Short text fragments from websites

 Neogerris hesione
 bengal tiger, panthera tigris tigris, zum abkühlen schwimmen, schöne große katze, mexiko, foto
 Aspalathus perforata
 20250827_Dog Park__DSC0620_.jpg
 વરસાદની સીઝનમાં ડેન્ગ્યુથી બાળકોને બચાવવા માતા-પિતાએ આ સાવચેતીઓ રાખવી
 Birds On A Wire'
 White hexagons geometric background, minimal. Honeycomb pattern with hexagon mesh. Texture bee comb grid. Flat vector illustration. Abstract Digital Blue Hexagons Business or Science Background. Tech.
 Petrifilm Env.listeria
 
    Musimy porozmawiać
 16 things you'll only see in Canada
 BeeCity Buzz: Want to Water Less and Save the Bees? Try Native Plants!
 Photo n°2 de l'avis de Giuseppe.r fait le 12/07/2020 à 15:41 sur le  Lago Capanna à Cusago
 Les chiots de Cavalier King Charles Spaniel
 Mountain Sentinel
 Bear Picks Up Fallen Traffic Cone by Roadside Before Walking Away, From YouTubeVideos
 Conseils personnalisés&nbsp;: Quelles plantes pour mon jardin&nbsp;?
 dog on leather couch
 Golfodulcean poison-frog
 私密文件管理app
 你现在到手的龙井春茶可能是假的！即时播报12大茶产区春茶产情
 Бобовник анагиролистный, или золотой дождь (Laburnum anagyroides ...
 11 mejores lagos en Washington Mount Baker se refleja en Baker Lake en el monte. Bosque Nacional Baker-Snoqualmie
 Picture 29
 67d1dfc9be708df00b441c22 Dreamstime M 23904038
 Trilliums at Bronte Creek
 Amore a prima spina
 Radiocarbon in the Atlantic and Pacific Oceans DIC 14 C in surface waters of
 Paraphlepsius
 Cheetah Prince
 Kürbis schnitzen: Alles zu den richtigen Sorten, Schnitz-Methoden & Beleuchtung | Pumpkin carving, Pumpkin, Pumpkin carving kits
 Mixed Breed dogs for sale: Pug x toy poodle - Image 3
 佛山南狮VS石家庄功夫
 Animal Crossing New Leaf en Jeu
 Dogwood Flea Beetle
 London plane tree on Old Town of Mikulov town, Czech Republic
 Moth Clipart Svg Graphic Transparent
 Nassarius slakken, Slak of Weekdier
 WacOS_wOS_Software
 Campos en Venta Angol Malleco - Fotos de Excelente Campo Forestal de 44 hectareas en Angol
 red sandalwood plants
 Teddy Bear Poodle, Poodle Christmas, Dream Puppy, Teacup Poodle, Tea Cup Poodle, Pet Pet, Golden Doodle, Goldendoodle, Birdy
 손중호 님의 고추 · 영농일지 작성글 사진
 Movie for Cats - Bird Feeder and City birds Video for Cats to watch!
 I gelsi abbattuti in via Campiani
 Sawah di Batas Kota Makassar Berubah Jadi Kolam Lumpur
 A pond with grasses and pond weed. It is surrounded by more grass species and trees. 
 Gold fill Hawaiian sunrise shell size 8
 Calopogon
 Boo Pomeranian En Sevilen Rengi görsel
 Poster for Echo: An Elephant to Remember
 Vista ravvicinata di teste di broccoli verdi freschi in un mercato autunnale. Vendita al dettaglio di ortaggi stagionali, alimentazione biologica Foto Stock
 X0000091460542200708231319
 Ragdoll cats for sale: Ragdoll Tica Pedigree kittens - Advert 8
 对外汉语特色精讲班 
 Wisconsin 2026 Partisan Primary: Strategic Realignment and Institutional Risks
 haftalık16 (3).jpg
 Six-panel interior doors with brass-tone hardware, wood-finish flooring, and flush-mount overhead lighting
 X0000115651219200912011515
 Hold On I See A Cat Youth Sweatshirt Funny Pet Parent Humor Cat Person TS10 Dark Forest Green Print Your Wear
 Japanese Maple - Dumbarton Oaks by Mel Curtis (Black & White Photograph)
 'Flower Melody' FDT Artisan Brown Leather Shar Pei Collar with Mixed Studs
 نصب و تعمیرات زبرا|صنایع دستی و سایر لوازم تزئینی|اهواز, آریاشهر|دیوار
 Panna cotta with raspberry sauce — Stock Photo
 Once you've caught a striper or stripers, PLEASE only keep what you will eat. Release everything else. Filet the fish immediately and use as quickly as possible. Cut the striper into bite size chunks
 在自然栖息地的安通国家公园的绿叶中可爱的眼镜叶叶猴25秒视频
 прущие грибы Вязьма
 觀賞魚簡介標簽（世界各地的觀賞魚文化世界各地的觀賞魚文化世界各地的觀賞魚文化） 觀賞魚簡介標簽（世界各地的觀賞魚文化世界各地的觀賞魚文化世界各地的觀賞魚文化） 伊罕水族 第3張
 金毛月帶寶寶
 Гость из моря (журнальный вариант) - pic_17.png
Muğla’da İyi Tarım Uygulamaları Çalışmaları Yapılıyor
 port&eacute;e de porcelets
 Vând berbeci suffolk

What you are asked to do: Your answer must consist solely of the lines above between the line holding "Campos en Venta" and the line holding "손중호 님의 고추 · 영농일지 작성글 사진", inclusive, copied exactly.

Exercise response:
 Campos en Venta Angol Malleco - Fotos de Excelente Campo Forestal de 44 hectareas en Angol
 red sandalwood plants
 Teddy Bear Poodle, Poodle Christmas, Dream Puppy, Teacup Poodle, Tea Cup Poodle, Pet Pet, Golden Doodle, Goldendoodle, Birdy
 손중호 님의 고추 · 영농일지 작성글 사진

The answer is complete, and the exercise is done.